The professor of molecular medicine at University of Massachusetts Medical School and a member of the US National Academy of Sciences shares his Nobel Prize with Andrew Fire for their discovery of RNA interference, a genetic process.

It is an example of the RNA-guided searching mechanism that cells develop to find and regulate genetic information, quite analogous to the way we would search the Internet, Mello explains.

RNA interference allows researchers to rapidly "knock out" the expression of specific genes and define the biological functions of those genes. It also provides a potential avenue to "silence" genes that cause or contribute to diseases.

"It has huge ramifications and implications both for medicine and other fields. So it's an extremely exciting time now in genetics," Mello says.

RiboBio has been among China's early companies to develop medicines based on RNA interference.

Led by Mello, who is a scientific consultant and chairman of its scientific and strategic development commission, RiboBio has formed an international research team on RNA-based therapies.

In 2011, the company's focus on RNA silencing and relevant therapies was recognized as an innovative project by the provincial government.

Currently the company is developing RNA treatments for diseases, including liver cancer, based on such technologies.

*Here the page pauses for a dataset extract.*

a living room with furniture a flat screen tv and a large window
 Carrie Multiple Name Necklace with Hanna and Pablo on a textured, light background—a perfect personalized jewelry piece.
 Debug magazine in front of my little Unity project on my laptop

A RiboBio treatment for osteoarthritis that uses RNA technology is expected to go into clinical trials this year.

The company has created the Canton Nucleic Acids Forum, a series of recurring conferences with the initial goal of exposing Chinese scientists to the latest developments in research on nucleic acids worldwide and translating the new knowledge into practical applications everywhere.

During his brief visits to China, Mello holds discussions with the Chinese employees of RiboBio.

"The more different ideas you can bring into a discussion, the more likely you will come up with interesting solutions. That works both for the science and the business side of the company," he says.

Other than the Nobel, Mello's scientific achievements have won him many honors. Now, he holds a number of positions, including as an investigator of the Howard Hughes Medical Institute in the US.

According to Mello, he developed a strong interest in science from looking for dinosaur bones with his father, a paleontologist who frequently took him on fossil-hunting tours.

"I became fascinated pursuing my curiosity about the Earth and its history," he recalls. "When you are a scientist, it becomes your job to keep asking questions your whole life. It does shape your lifestyle."

Recognized for his work in China, Mello was given the 2015 Friendship Award, a top honor for foreigners who have made significant contributions to China's social and economic development.

"I'm honored by the award. I'm very proud to be a friend of China, and hope I can give back to China in the future as our relationship continues to develop," Mello says.

"It's great that China celebrates its friendships that way. The awards bring experts into China to let the country benefit from their wisdom."

Early last year, Mello was invited to a seminar held by the Research Office of the State Council and the top administration for foreign expert affairs to seek feedback from foreigners on the Chinese government's work report.

Mello's advice to Chinese officials was: China should keep its current policy of investing in basic scientific research in areas that aren't ready for commercialization yet.

"It will have the biggest payoff down the road because the new discoveries are totally unanticipated," says Mello, noting the example of his own finding, which was the outcome of experimenting on a worm.

"You wouldn't discover it if you just tried to kill cancer in your laboratory and only worked on sick humans."

In Mello's opinion, China has all the ingredients-brain power and strong government funding for research at a time when budgets in the sector are down in other countries-to play a leading role in world science.

"Now we see many Chinese scientists coming back and succeeding here," Mello says. "I think the stage is really set for China to take a leadership role scientifically."

That's going to be a really good thing in many ways, he says, including healthy rivalry for the US.